A relation is a typed object, like a domain, and may be used as an
element in an array, or as an attribute of another relation.
RELATION relation_name {
attribute1 [, alias...] : type [ "[" nelem "]" ], label
...
attributeN [, alias...] : type [ "[" nelem "]" ], label
}
A relation may have any number of attributes. The order in which the
attributes are defined is arbitrary and should be chosen for logical
clarity (tables are stored in a packed format hence there are no
alignment considerations). Note that aliases may be provided for the
attribute name, and that the attribute name is given first, followed by
a colon and then a comma delimited list of the attributes of the
attribute being defined. The attribute TYPE should be a domain name or
the name of a predefined relation. The LABEL is optional, and is used
as a comment or column label to identify the attribute in the data
definition and in formatted output tables.
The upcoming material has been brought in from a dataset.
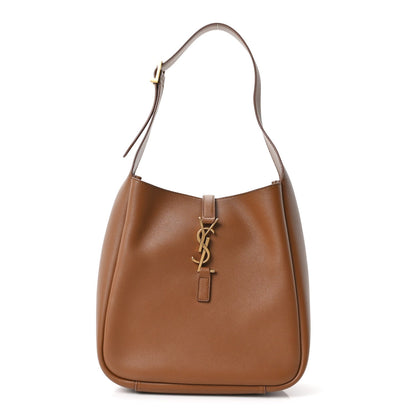 Tan soft hobo bag with gold YSL logo on center strap and top handles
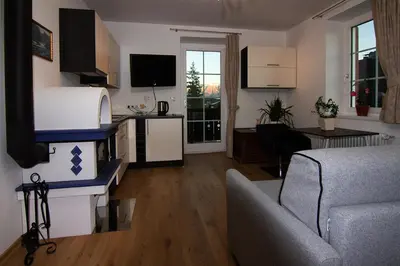a small living room with a couch and a kitchen at Gasthaus Babsi in Soprabolzano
The attributes of a relation may be scalars, fixed or variable length
arrays of any predefined type, i.e., of any predefined domain or
relation, or actual base tables. The elements of an array must be
fixed in size, hence arrays of variable length records are not
permitted. Array and table valued attributes are denoted as shown in
the examples below. EVENT is a predefined fixed size relation.
x: real # simple scalar field
coeff: real[10] # simple array valued field
name: char*20 # simple string valued field
month: char*3[12] # array of strings
label: char[] # variable length array
event: event # record valued field
event: event[8] # fixed array of records
event: event[] # variable array of records
event: event[*] # distinct base table
Any relation containing variable length arrays is a variable length
relation. A table valued attribute does not make a relation variable
length, since the table is stored separately from the records of the
parent table. Storage for fixed or small variable length arrays is
allocated within a variable length data record, hence small arrays are
the most efficient. Large arrays and table valued attributes are the
least efficient since storage is separately allocated (although
clustering of the records from different tables on the same datafile
-6-
DFIO (Feb88) Datafile I/O Interface DFIO (Feb88)
page is possible). Array or table valued attributes cannot be used in
indexes. The DF_FLEN function may be used to determine the length of
(number of elements or records in) an array or table valued attribute.
3.2.4 THE MAPPING STATEMENT
The DDL MAPPING statement is used to define a user record structure
(e.g., a dynamically allocated SPP binary data structure), and the
mapping of that structure onto a datafile relation (or base table, and
hence implicitly onto some relation). In the current implementation, a
mapping cannot map onto more than one relation, but there can be any
number of mappings of the same relation.
The syntax of the MAPPING statement is as follows.
MAPPING mapping_name {
field1 : spp_type, struct_offset, attribute [, flags]
...
fieldN : spp_type, struct_offset, attribute [, flags]
}
where FIELDN is the name by which the field will be known in
applications programs, SPP_TYPE is a SPP type name, e.g., "int",
"real", "real[6]", and so on, STRUCT_OFFSET is the zero-indexed struct
offset of the field in the SPP data structure, ATTRIBUTE is the name of
the attribute to which the field is to be mapped, and FLAGS tells DFIO
how to do the mapping, e.g., whether to abort or issue a warning
message if the field cannot be mapped.
Variable length arrays are implemented in SPP structures via a pointer
to a separately allocated array. This construct is indicated in a
mapping by the DFIO variable array declaration, plus a reference to the
LEN intrinsic function to identify the field to be used to hold the
length of the array, e.g.,
ncoeff: int, 0, len(coeff)
coeff: real[], 1, coeff
The corresponding SPP structure should declare COEFFP as a pointer
variable in the main data structure. In a record retrieval operation,
DFIO will automatically allocate a buffer of the correct size and
initialize the NCEOFF and COEFFP fields of the SPP structure
accordingly. In a record insert or update operation, NCOEFF is
required to pass the length of the array pointed to by COEFFP.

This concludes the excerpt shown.